The output should hold exactly, and only, the lines from the line bearing "5#5425 Abbigliamento e arredi da negozio" through the last line of the listing below, and no pictures.

(Material for the task)
= Beginning of Section =

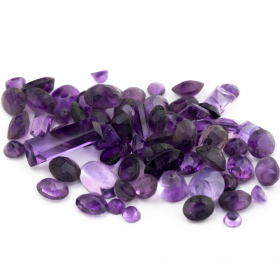 Verschiedene Edelsteine mit 10.82 Ct (Amethyst, etc.)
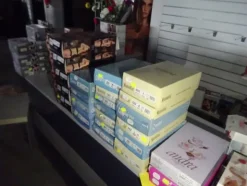 5#5425 Abbigliamento e arredi da negozio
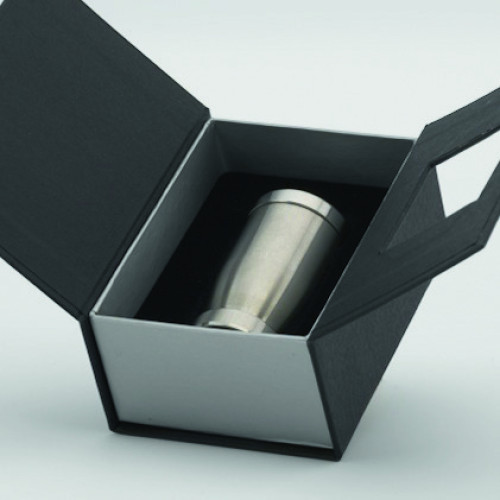 Eine kleine Überreichungsbox in Schwarz mit einer silbernen Miniurne aus Metall, die in der Box auf schwarzem Samt liegt, Gesamtansicht.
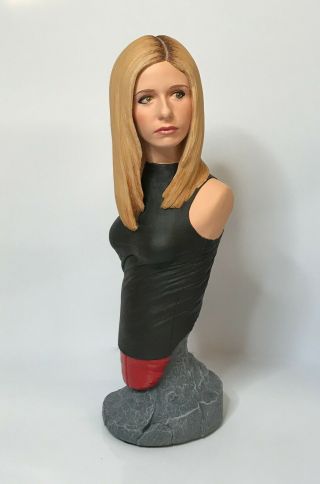 Custom 1:4 Buffy the Vampire Slayer Bust Statue Figure Red 2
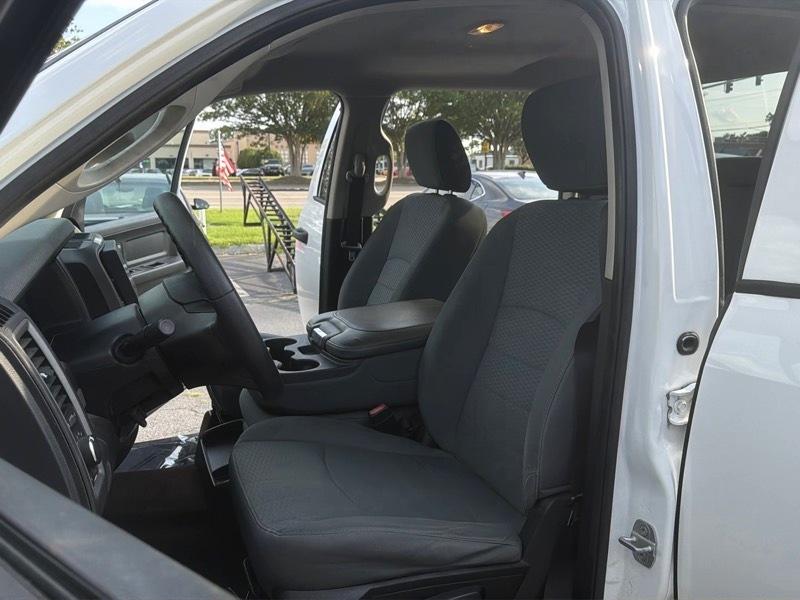 RAM 1500 Tradesman Crew Cab SWB 2WD 2013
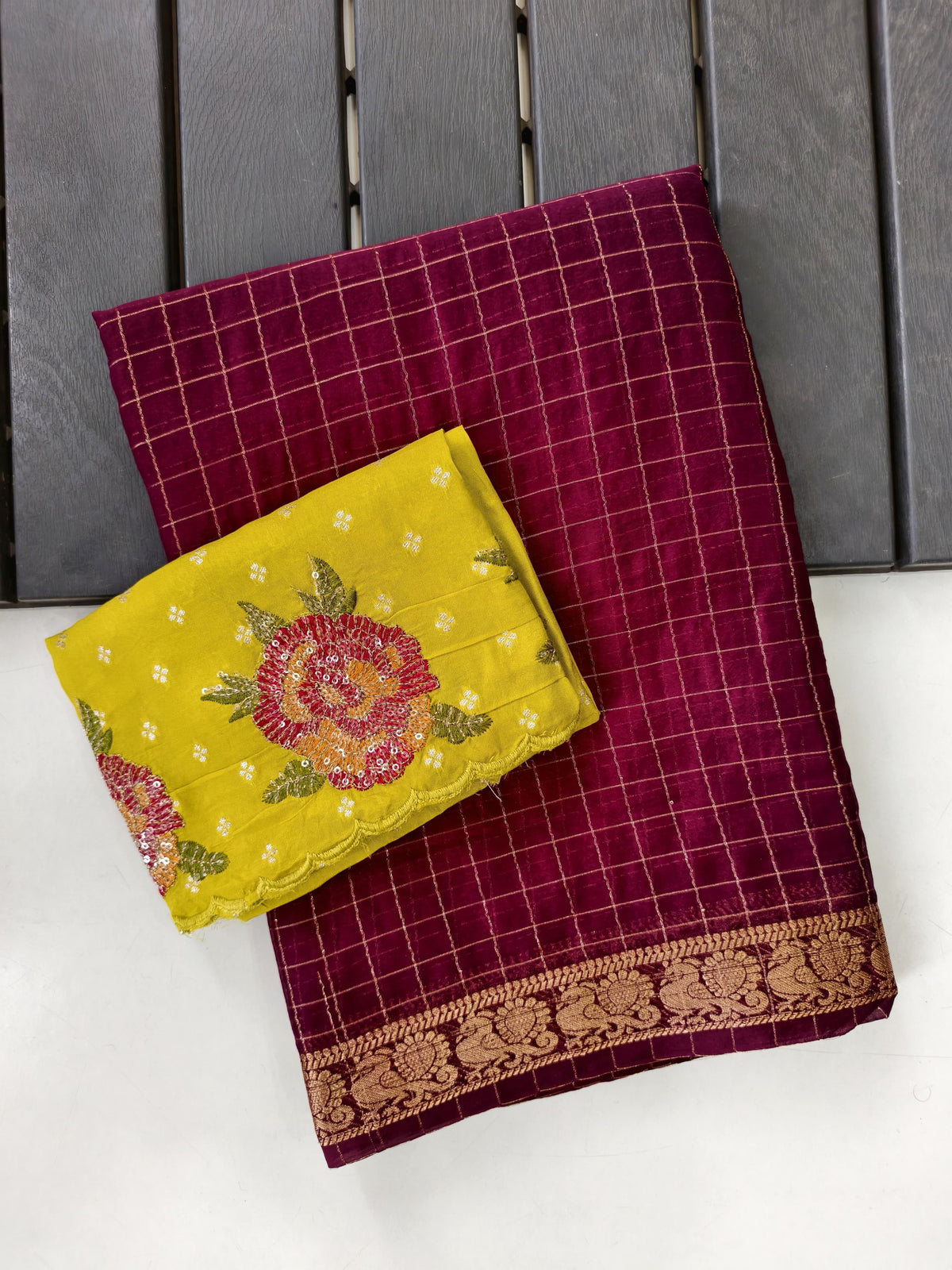Vintage banaras checkered sarees with rich video borders pallu and blouse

= End of Section =

(Written reply)
 5#5425 Abbigliamento e arredi da negozio
 Eine kleine Überreichungsbox in Schwarz mit einer silbernen Miniurne aus Metall, die in der Box auf schwarzem Samt liegt, Gesamtansicht.
 Custom 1:4 Buffy the Vampire Slayer Bust Statue Figure Red 2
 RAM 1500 Tradesman Crew Cab SWB 2WD 2013
Vintage banaras checkered sarees with rich video borders pallu and blouse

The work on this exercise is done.